Opening Theater : Myeong Bo Theater
Genre : Literary Art
Writer : Joo Yo-Seob
Screenplay(Adaptation) : Lim Hee-Jae
Producer : Shin Sang-Okk
Executive Producer : Hwang Nam
Director of PhotoGraphy : Choi Su-Young
Gaffer : Lee Kyu-Chang
Music : Jeong Yun-Ju
Art Director : Kang Seong-Beom
Editor : Yang Seong-Ran
Sound/Recording : Lee Kyeong-Sun
Kim Jin-Kyu, Choi Eun-Hee, Han Eun-Jin, Do Keum-Bong, Jeon Young-Seon
Ok-hui (Jeon Young-seon) lives with her grandmother (Han Eun-jin), her mother (Choi Eun-hee), and the maid (Do Kum-bong). People refer to their house as the "Widow House" because all three adult women who live there are widows. One day, a teacher named Mr. Han (Kim Jin-kyu), who is a friend of Ok-hui's uncle, moves into the house as a lodger. Never having known her late father, six-year-old Ok-hui takes to Mr. Han as if he were her real father. Ok-hui's mother and Mr. Han develop feelings for each other unbeknownst to prying eyes, and Ok-hui shuttles back and forth between them as their messenger of love. Mr. Han sends Ok-hui's mother a letter confessing his love for her, but she rejects him out of concern for her mother-in-law and Ok-hui, and Mr. Han departs for Seoul.
"A film that created the stereotype for the traditional Korean woman"

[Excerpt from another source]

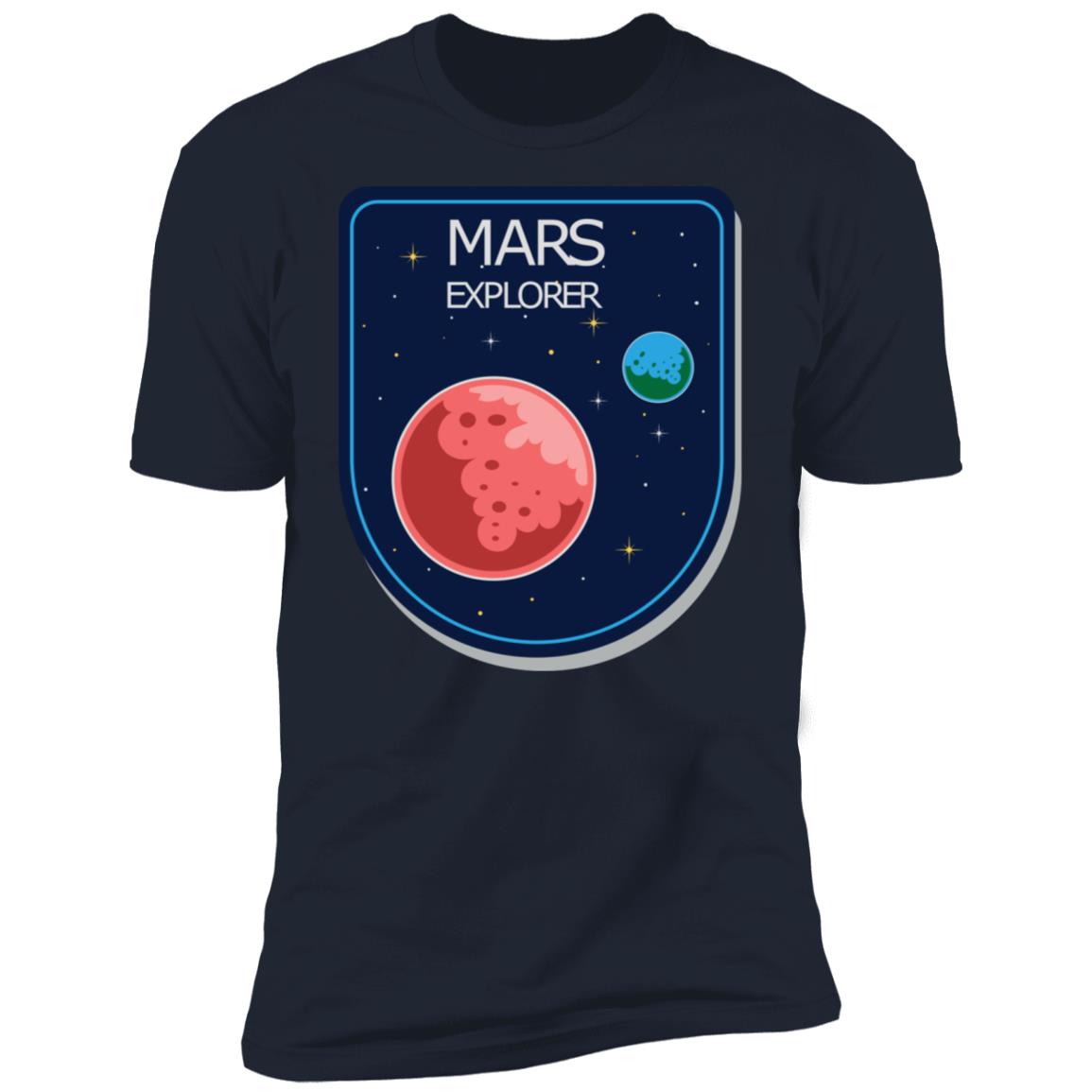 Mission To Mars Patch3 Premium Short Sleeve T-Shirt - Image 11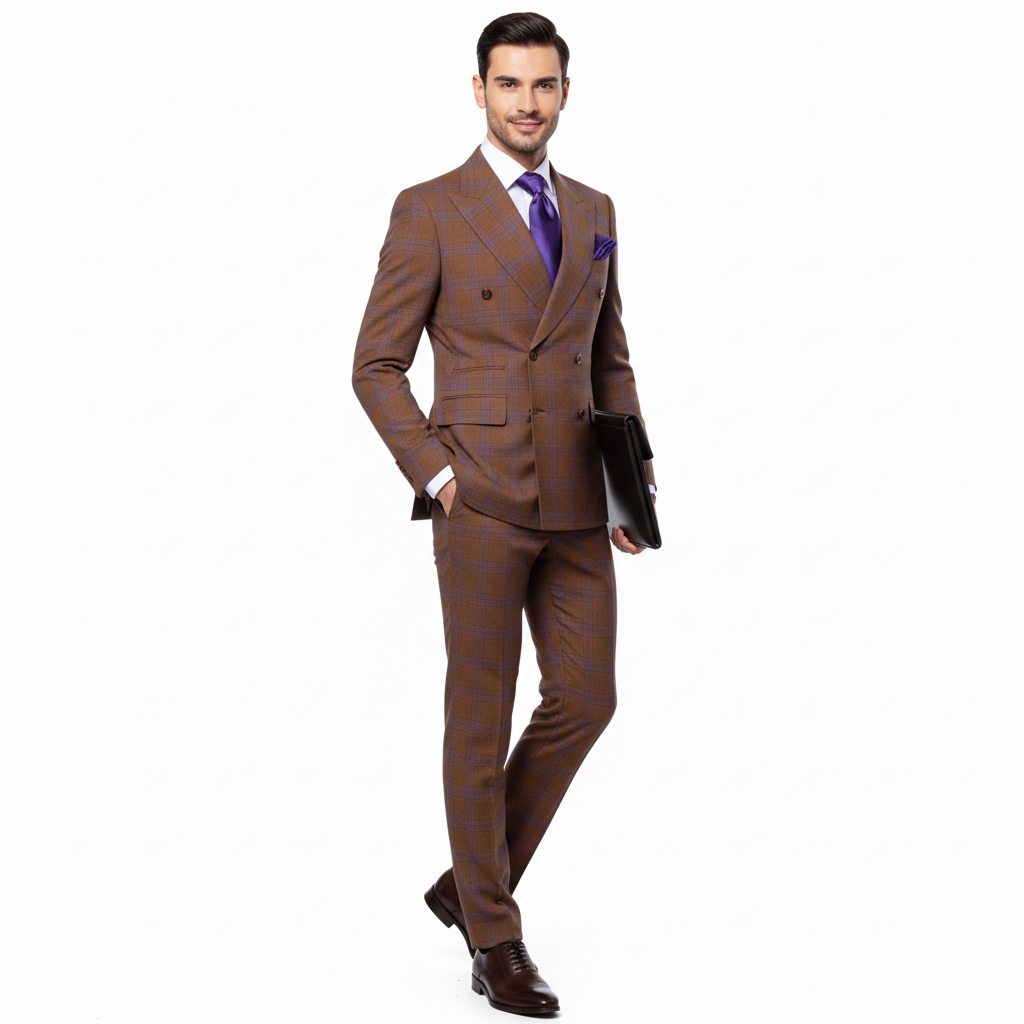 Rossi Man Milano RM1794 Modern Double Breast Suit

Adapted from Joo Yo-seob's short story of the same title, Mother and a Guest is a representative example of the Korean literary film. Through Ok-hui's innocent and childlike perspective, the movie portrays the deep, furtive love between a man and a woman with touching lyricism. In adapting Joo Yo-seob's short story for the big screen, director Shin Sang-ok inserted characters and incidents that are absent from the original, yet managed to expand its imagery and sentiment without altering the simple tale. The result is a "feature film that feels like a short story." The movie takes particular care in presenting the love between Ok-hui's mother and Mr. Han obliquely through Ok-hui's gaze, to the extent that there are few if any moments when the two share the same screen or exchange direct conversation. Mother and a Guest does not so much follow a plot as flow on the current of atmospheres and emotions. There are no notable incidents, nor can one trace a clear synopsis. Nonetheless, the film never loses its cinematic suspense or density a fact that testifies to the extraordinary dexterity of director Shin Sang-ok in calibrating emotions. Shin makes effective use of piano music and various props, including flowers, to connote the inner feelings of Ok-hui's mother and Mr. Han. For instance, the former's internal state, churning with a love that cannot be expressed, is conveyed through passionate piano music. If the scene toward the end of the film in which Mr. Han pulls Ok-hui's mother into his arms for the first and last time delivers a powerful impact, this is surely because the emotional pitch has already been elevated through such painstaking devices. The veiled but ardent feelings shared by the main couple are even more effectively communicated through contrast with the uninhibited love between the maid and the egg merchant. Unlike Ok-hui's mother and Mr. Han, who never even exchange a real conversation, the maid and the egg seller indulge copiously in their love and sexual desire. The charming ingenuity of child actor Jeon Young-seon's performance as Ok-hui also became a topic of interest among audiences at the time.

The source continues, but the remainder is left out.